The Philippine experience suggests the real challenge is not choosing between control and chaos, but aligning oversight with how money actually moves in a mobile-first, cross-border economy. Stablecoins and peer-to-peer rails have already set a new baseline for what “fast” and “cheap” look like. The risk for regulators is that if formal channels cannot meet that baseline, activity will continue to route around them, leaving the system both less visible and harder to supervise.
A Tightening Policy Framework
BSP has maintained a moratorium on new VASP licenses since 2022, limiting the number of approved operators to about 13. The Securities and Exchange Commission has introduced rules requiring crypto firms offering securities-like products to have at least ₱100 million in paid-up capital and a physical presence in the country. The Philippines has also committed to implementing the OECD’s Crypto-Asset Reporting Framework by 2028, which will increase tax and compliance reporting on cross-border crypto holdings.
At the same time, the government has signaled support for selected innovations. The pilot launch of PHPC, the peso-backed stablecoin built on Hedera Hashgraph, reflects an attempt to bring some of the efficiency of stablecoin rails into a framework overseen by the central bank. Coins.ph has said the project is aimed in part at reducing remittance friction and improving domestic settlement efficiency.

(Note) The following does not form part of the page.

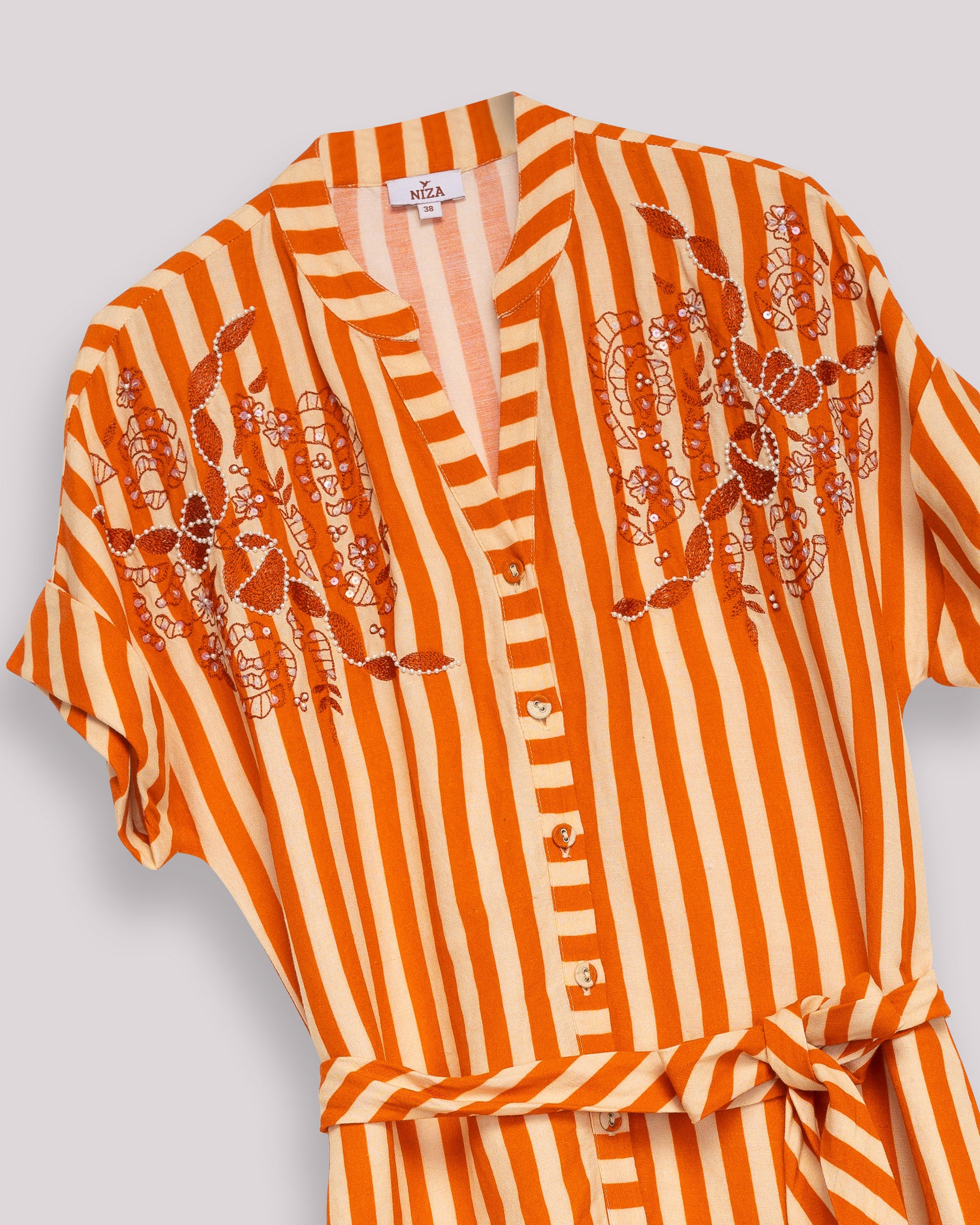 Vestido Midi Tipo Camisa Às Riscas com Bordado Frontal Laranja-6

This mix of encouragement and enforcement has produced a policy landscape that some in the industry describe as contradictory: innovation in certain areas, strict limits in others. But from a broader perspective, it reflects a familiar challenge for regulators worldwide, how to integrate fast-moving digital financial tools into systems designed for slower, more centralized institutions.

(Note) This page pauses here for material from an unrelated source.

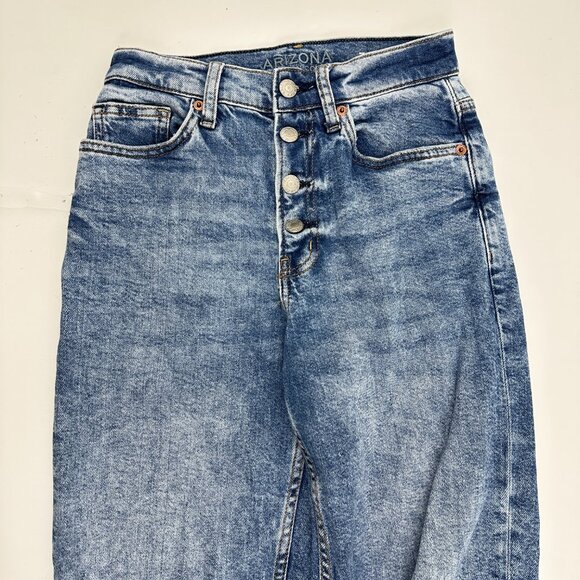 Arizona Highest Rise Vintage Straight Button Fly Women's size 3 Medium Blue Jean - Picture 2 of 5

How the Philippines Compares in Southeast Asia
Regionally, the Philippines is not alone in grappling with these questions. Vietnam leads the world in grassroots crypto adoption, despite lacking a comprehensive legal framework. Thailand has built a more formal licensing regime and even approved Bitcoin exchange-traded funds for institutions. Singapore has positioned itself as an institutional hub with strict oversight and no capital gains tax. What sets the Philippines apart is the centrality of remittances, and the scale at which everyday users are already treating crypto as plumbing rather than a bet.
More Than an Asset Class
For overseas workers and their families, the appeal is straightforward: lower fees, faster transfers, and round-the-clock availability. For the financial system, the implications are larger. If stablecoin rails continue to grow, they could reshape how money moves into and within one of Asia’s most remittance-dependent economies.
Whether regulators can bring this activity fully into the formal system without breaking the efficiencies that made it attractive in the first place remains an open question. What is already clear is that in the Philippines, crypto’s most important role may not be as a new asset class, but as a new way to move money.